Today, I saw a friend, looked after a super sick boyfriend and then was ready to spend the evening doing e-mails or maybe even something more exciting. But as soon as he left, I just wanted to sleep. I am now very much a believer of doing what my body needs if its realistic to do so, but as I lay there, I realised I wasn’t tired, I’d just lost my energy.
Recently I’ve had issues with my anxiety, last week I had two days where the strain showed through. Migraines, easy to anger, crying, confusion. I thought I was through the worst and aslong as I remembered to take my medication everything would get back to normal, but instead things are different.
The other day I woke myself up in the middle of the night, anxiety pulsing through my chest. I had dreamt I was going on holiday and it was the night before, so my body had started its usual thing of getting anxious for the flight. Except…there was no flight. Just me in my bed freaking out about it. I hadn’t experienced this in years. It was an unwelcome memory.

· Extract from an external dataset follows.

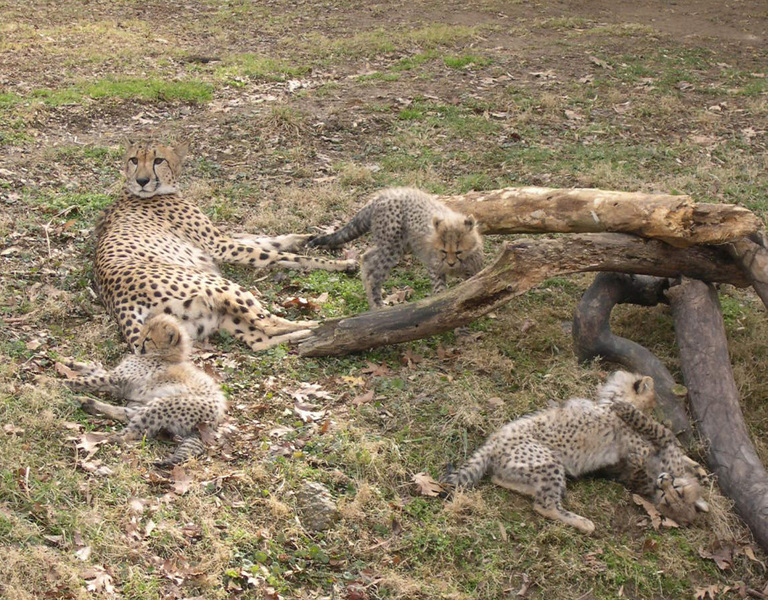 cheetah13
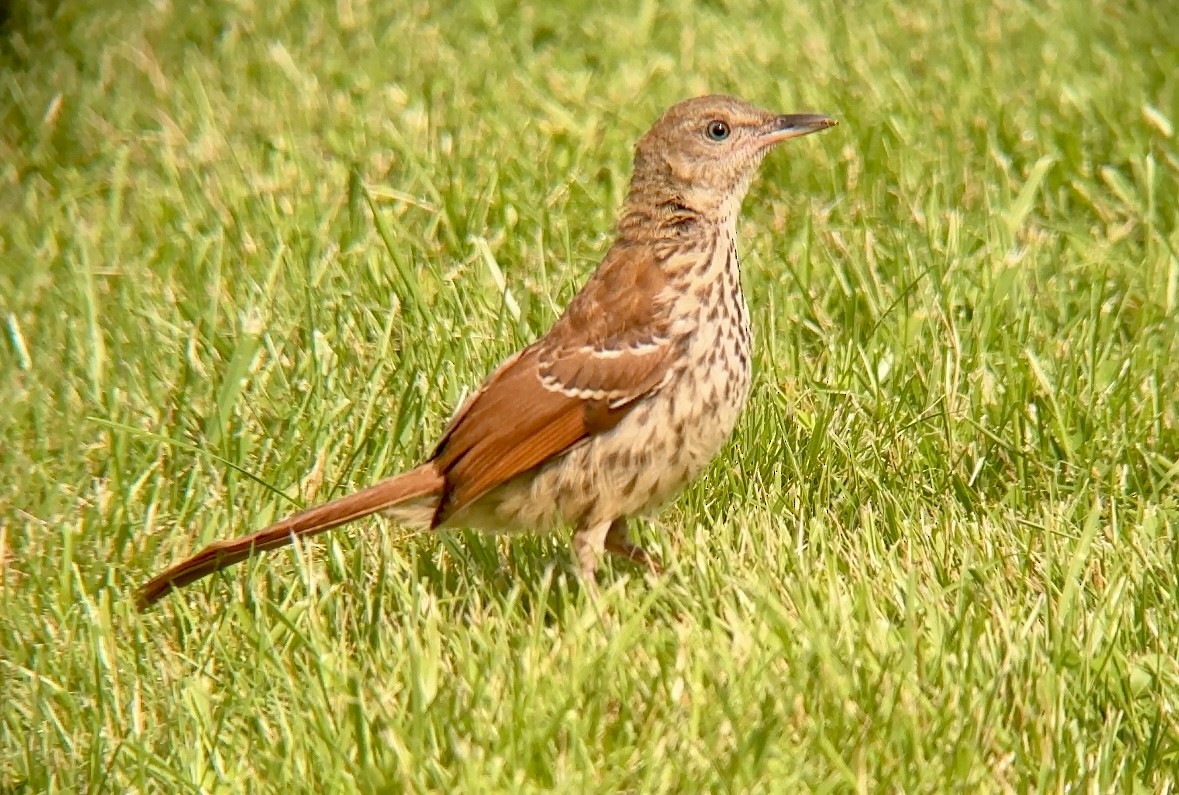 Brown Thrasher - ML637953821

With my medication, my anxiety is now reasonably stable. Last week however, it was like i could feel the anxiety bulging out the sides, I knew it was there even though it was being pushed down. Today this became ever clearer, I went with a friend to a nearby cafe for brunch and felt my chest tighten just sitting with her and chatting. This was the first sign I started to get after being back from Hong Kong that my anxiety was bad. Otherwise I was able to function, eat, there was no need to rush to the bathroom, but it sat there heavy on my chest as a reminder of past experiences.
Once my boyfriend had left this evening, I went about airing out the room hoping not to get his illness. I had begun coughing when he was coughing, but I knew it wasn’t the same thing, I was there for the first 3 days he was ill and I haven’t caught it yet, but I admit I became quite the hypocondriac. Before you know it, my chest is tight, my throat hurts and I’m coughing. I stop myself and as I mentioned earlier just lay down to rest.

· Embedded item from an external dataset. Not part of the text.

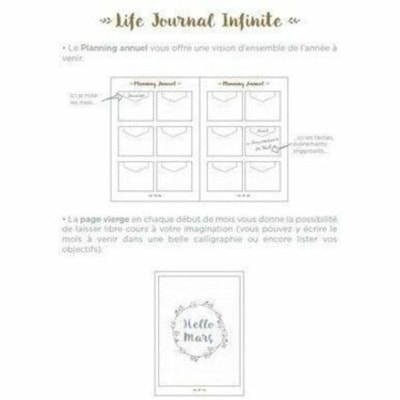 Quo Vadis Life Journal Planner - Monthly - 12 Month - Blue/Gray - Monthly Calendar - 1 LIFE JOURNAL INIFITE 15X21CM GREY BLUE  215 NUMBERED PAGE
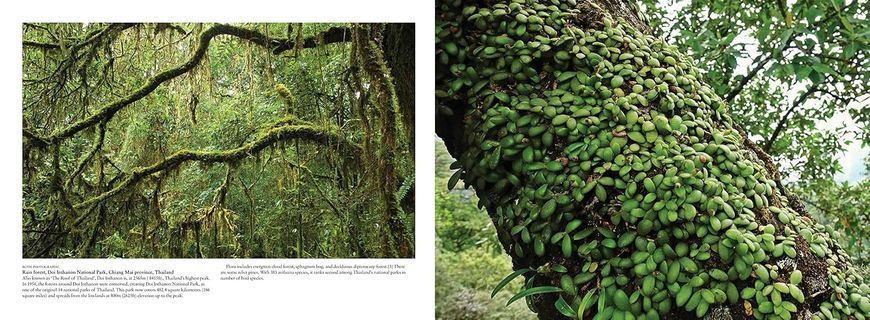 The Wild: The World's Most Spectacular Untamed Places F012738 фото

I’d forgotten how tiring and debilitating anxiety can be. I hadn’t even thought of this until my friend mentioned it at brunch. The medication makes me tired and I can sleep for hours, but the anxiety can turn my into a lifeless potato. I’ll lie and get nothing done I was supposed to, my normal entertainment gives me no stimulus and my mind starts to wonder into self doubt and damaging thoughts.
I know I need to use my tools here, a little meditation perhaps, but you need to be strong and willing to do that and often willingness isn’t your own choice.